まおの気持ち。



 夜。目が覚める。


「……くぅぅんっ」


「………………なぁ、ちゃ?」


 顔をぺろぺろされて目が覚めると、そこにはナイトが居た。


 真緒は、青く薄く燃える家族を見て、また・・だって思った。


「おねーちゃんが、泣いてるの?」


「わぅ……」


 パジャマのまま、ベッドから降りてお部屋を出る。ナイトの案内でおねーちゃんの部屋に行くと、ナイトが扉の中にスっと消えるように入って行って、中からカチャって音がする。

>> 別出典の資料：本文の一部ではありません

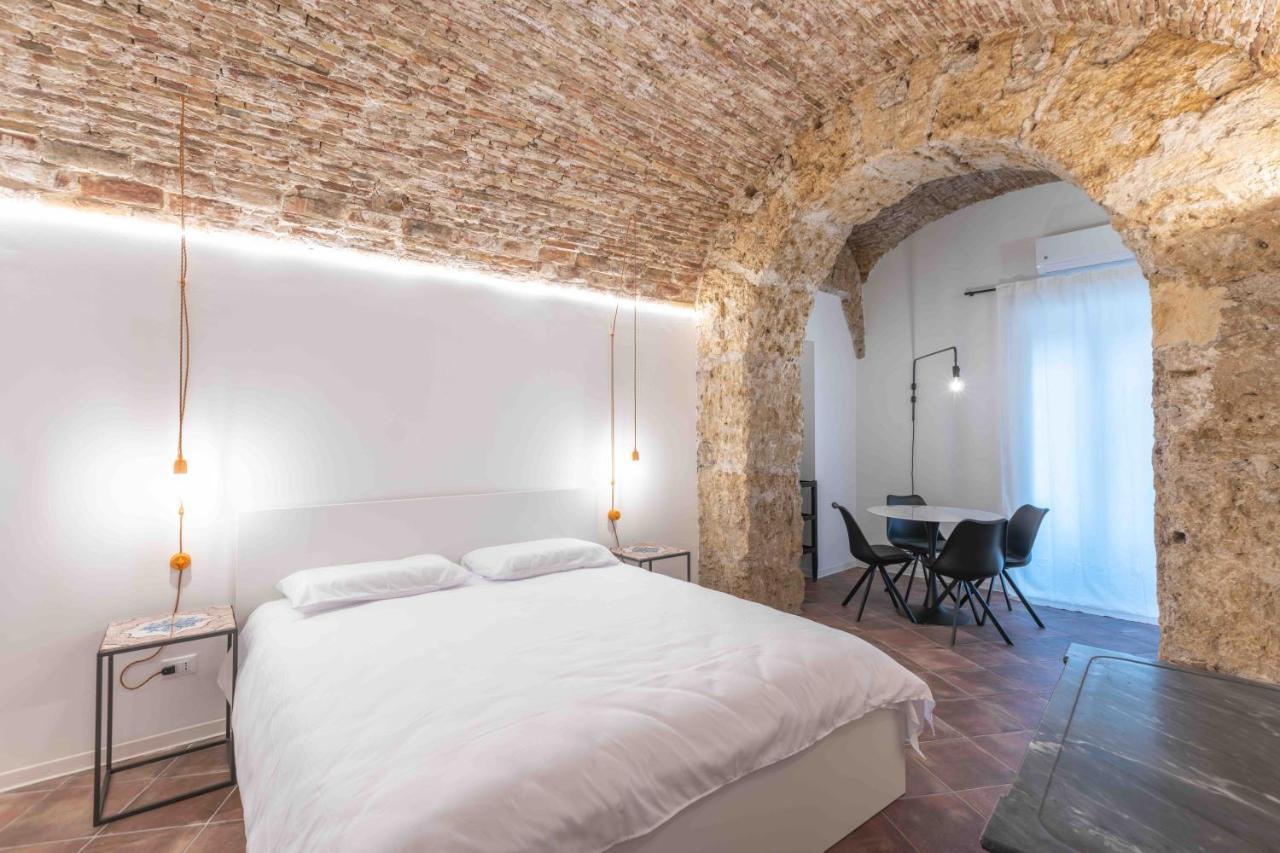 Calderai 82 Suites 1 E 2 Palermo Bagian luar foto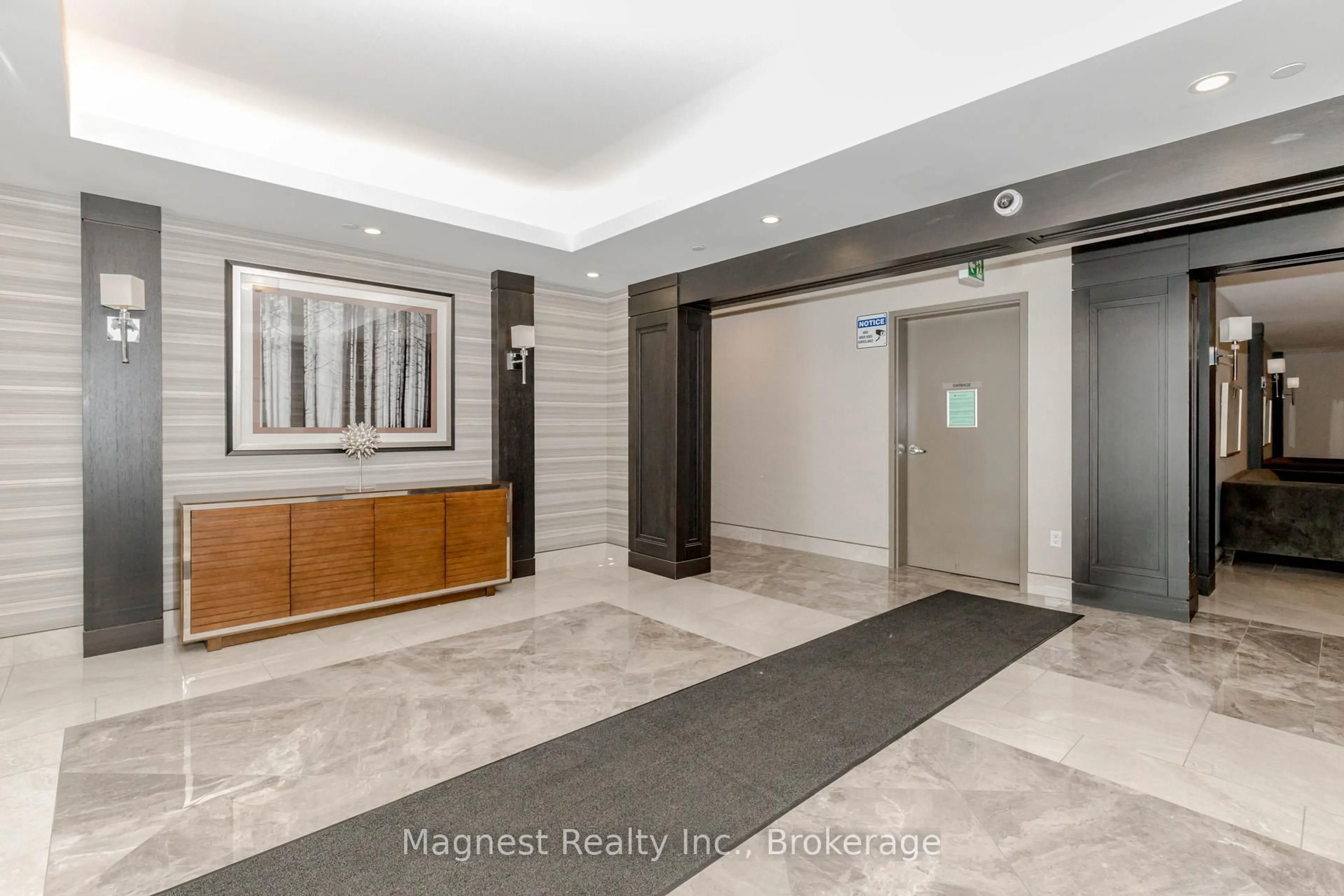 Indoor foyer for 101 Shoreview Pl #326, Hamilton Ontario L8E 0K2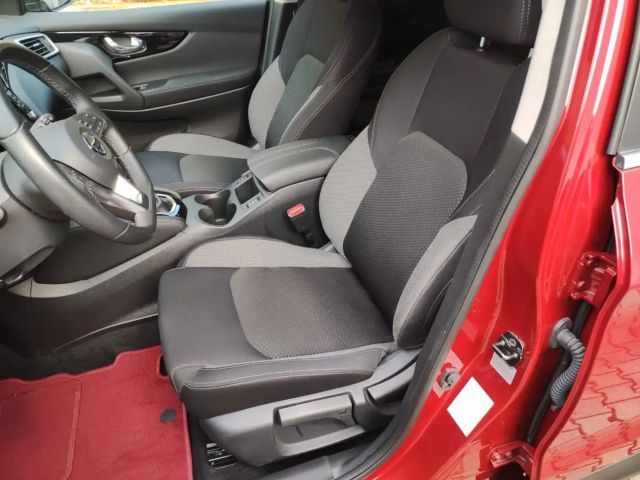 Nissan Qashqai Zama Autom PANO Navi KLIMA Sitzhzg Kamer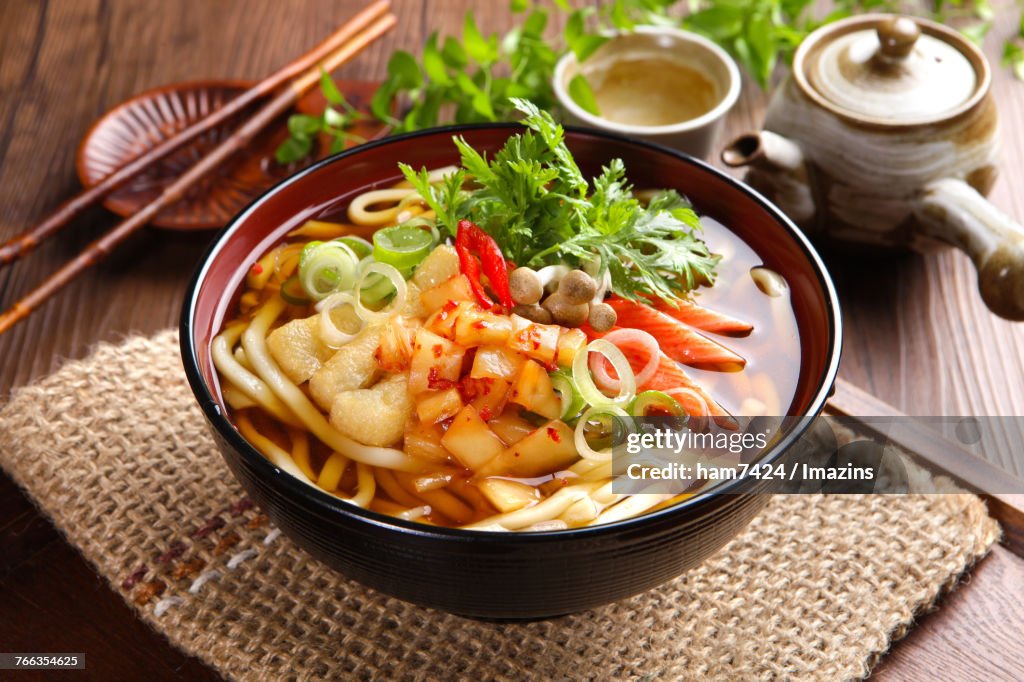 Udon (Japanese noodle)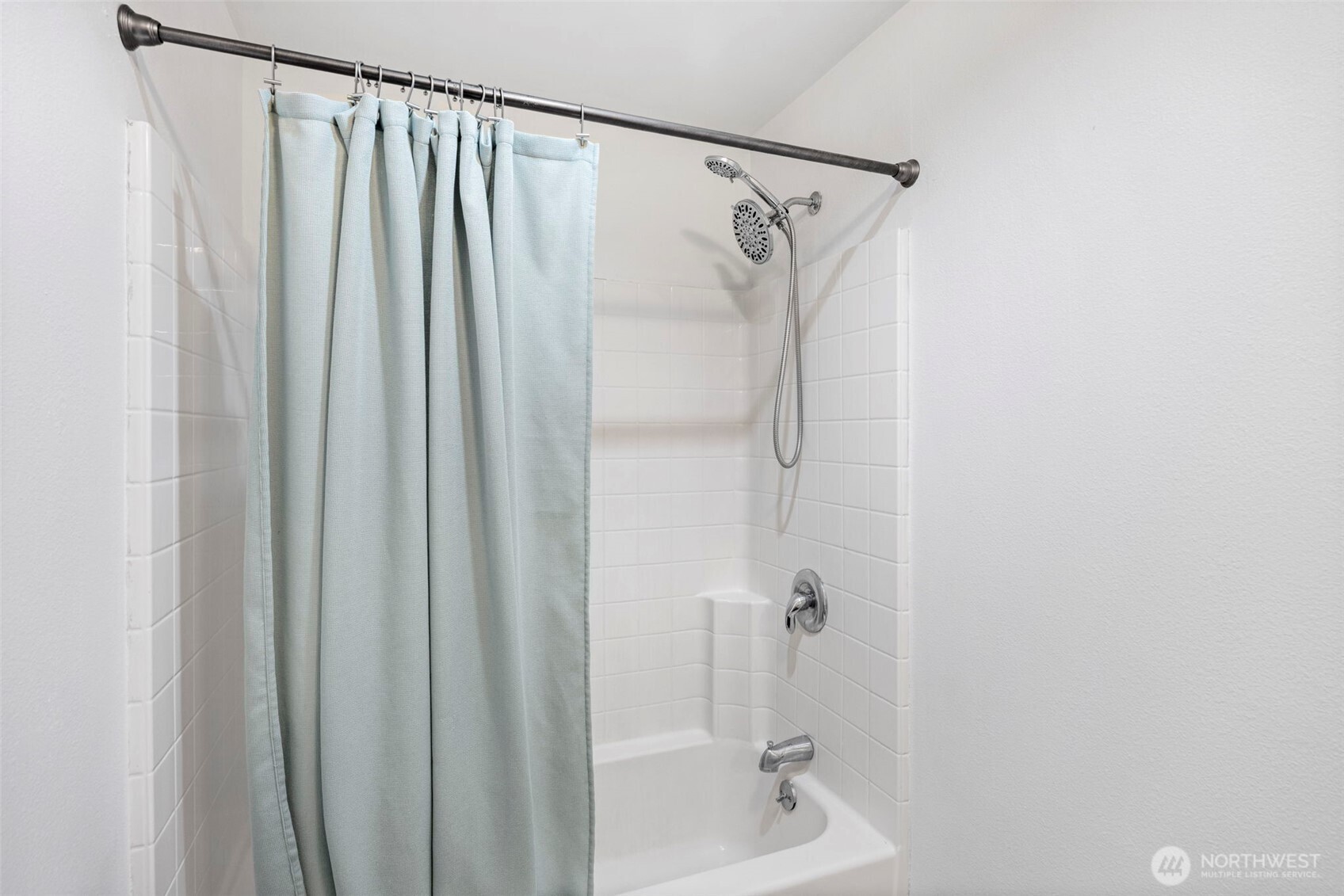 231 E Snowcap Drive Property Photo 18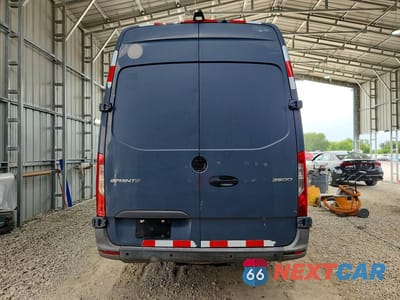 Zdjęcie 6 z 13 samochodu: 2019 MERCEDES-BENZ SPRINTER 2500/3500 DELIVERY VAN VIN:WD4PF1CD4KP152316 - miniatura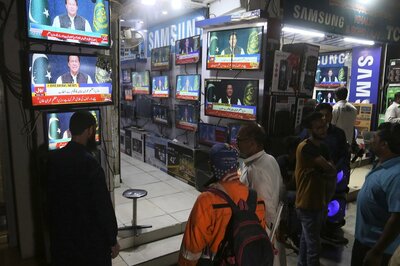 Pak Crisis: Punjab Assembly Adjourns Without Voting on New CM as Imran Mulls Options on Trust Vote Eve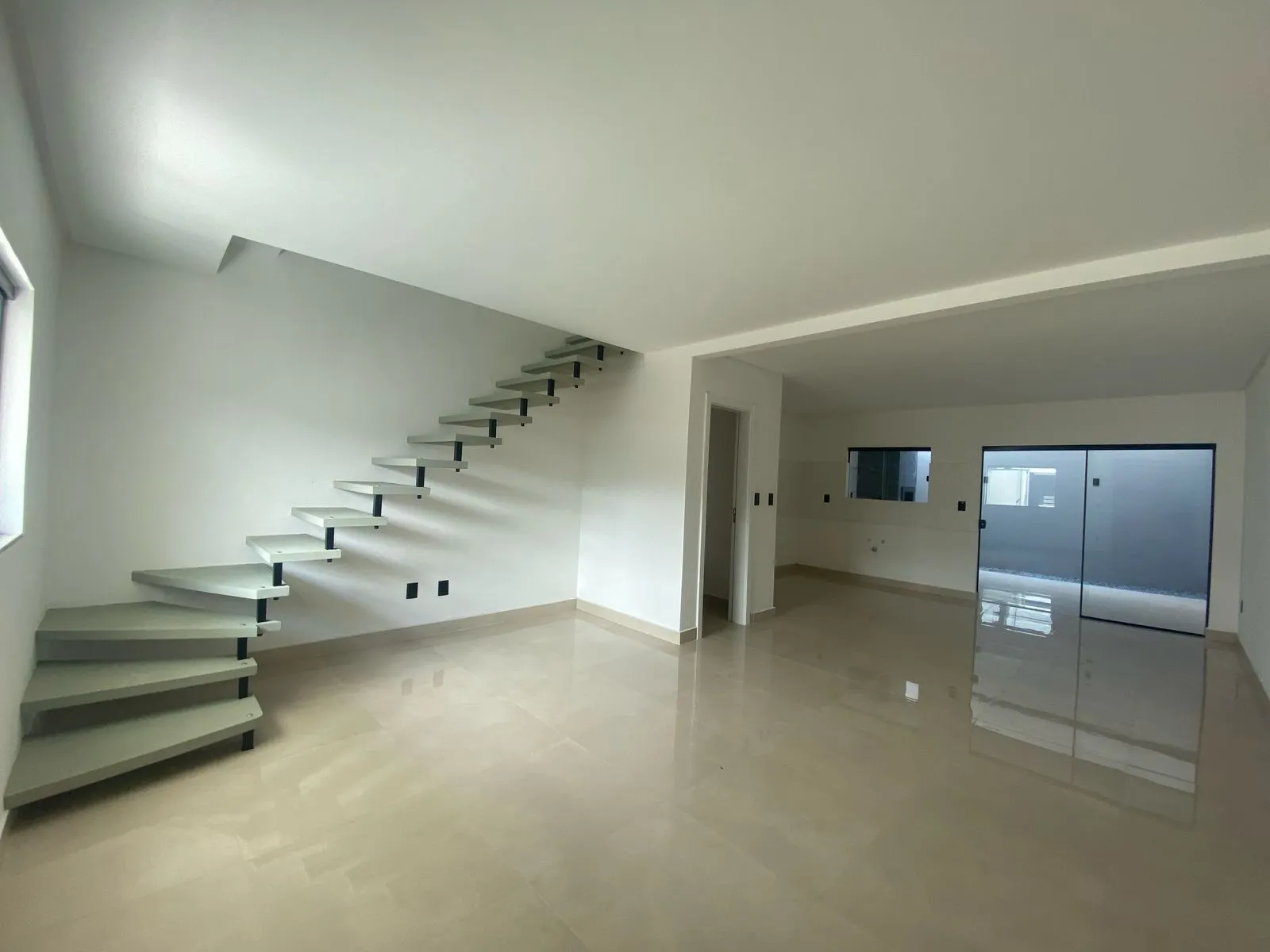 Imagem Casa à venda com 130m2 por R$ 929.000,00
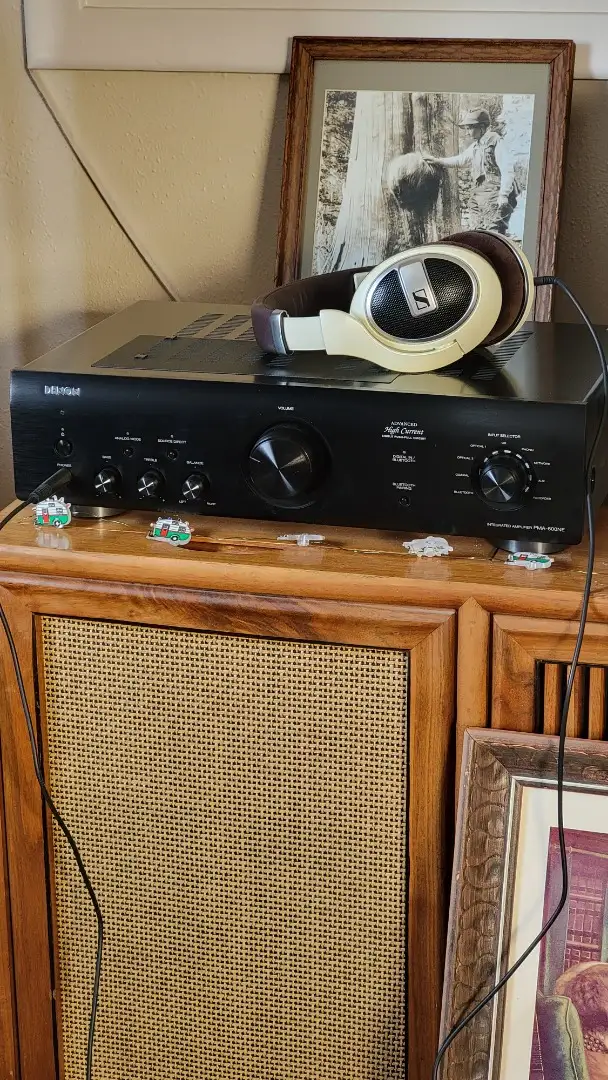 Sennheiser HD 599 Review: Comfort King with Caveats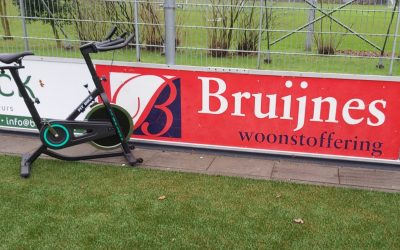 Bruijnes Woonstoffering schenkt spinningfiets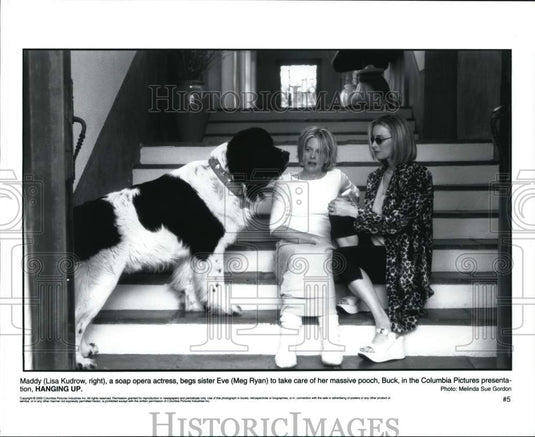 2000 Press Photo Actresses, Lisa Kudrow and Meg Ryan star in "Hanging Up"- Historic Images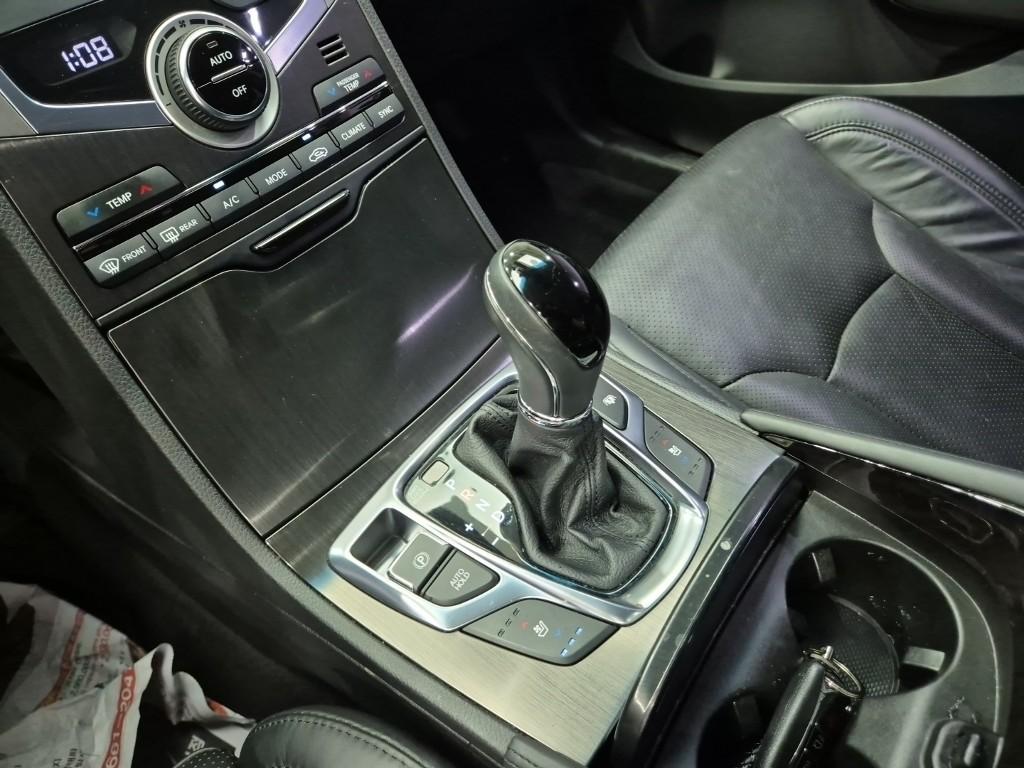 HYUNDAI Grandeur HG Hybrid 2.4 HEV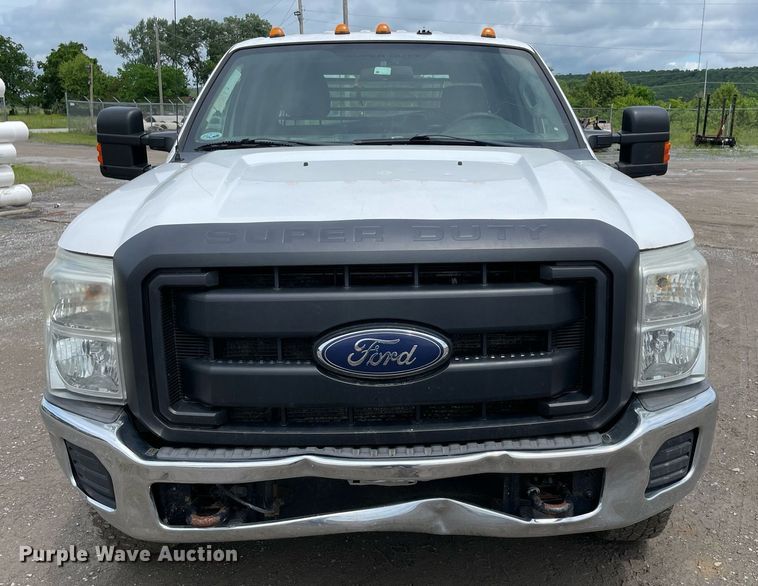 image for item MR9072 2015 Ford  F350 Super Duty  Crew Cab flatbed pickup truck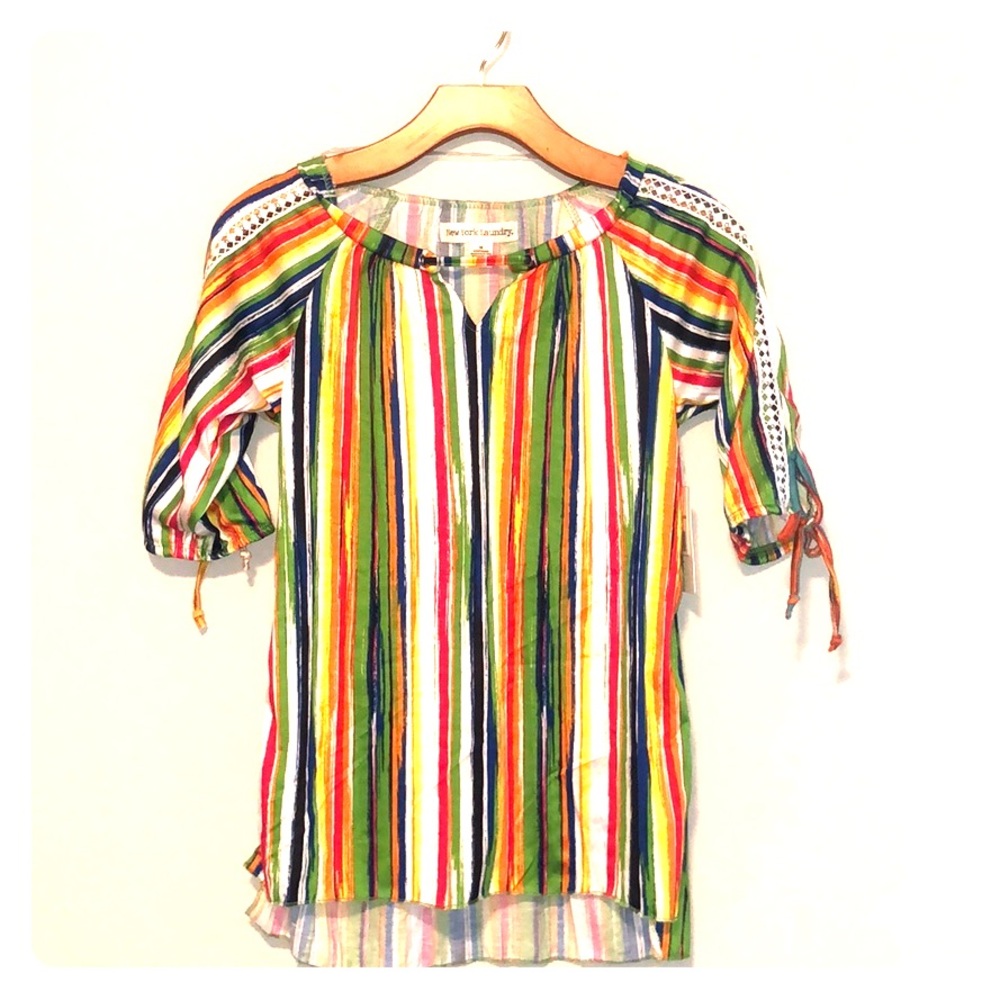 Brand new New York Laundry top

 幽霊になっちゃったナイトは、扉をすり抜けて中の鍵を開けられるんだ。


 そうやっておねーちゃんのお部屋に入ると、中はピンクばっかりの可愛いお部屋がある。その奥で、やっぱりピンクのベッドで寝てるおねーちゃんが居る。


「ぁ、はぅあッ…………、はっ、はぁ……」


「おねーちゃん。…………おねーちゃんっ」


 また、うなされてる。


 おねーちゃんがダンジョンから帰って来て、ずっとそう。


 夜、おねーちゃんがうなされてると、ナイトが真緒か、おかーさんか、おとーさんを呼んでくる。


 それで、心配そうにずっと、おねーちゃんのお顔をぺろぺろする。


 今日はたしか、おかーさんは病院に行って『かうんせりんぐ』って言うのをやって、お薬貰って来てたから、たぶんお薬飲んで寝てるんだね。だから今日は真緒の番。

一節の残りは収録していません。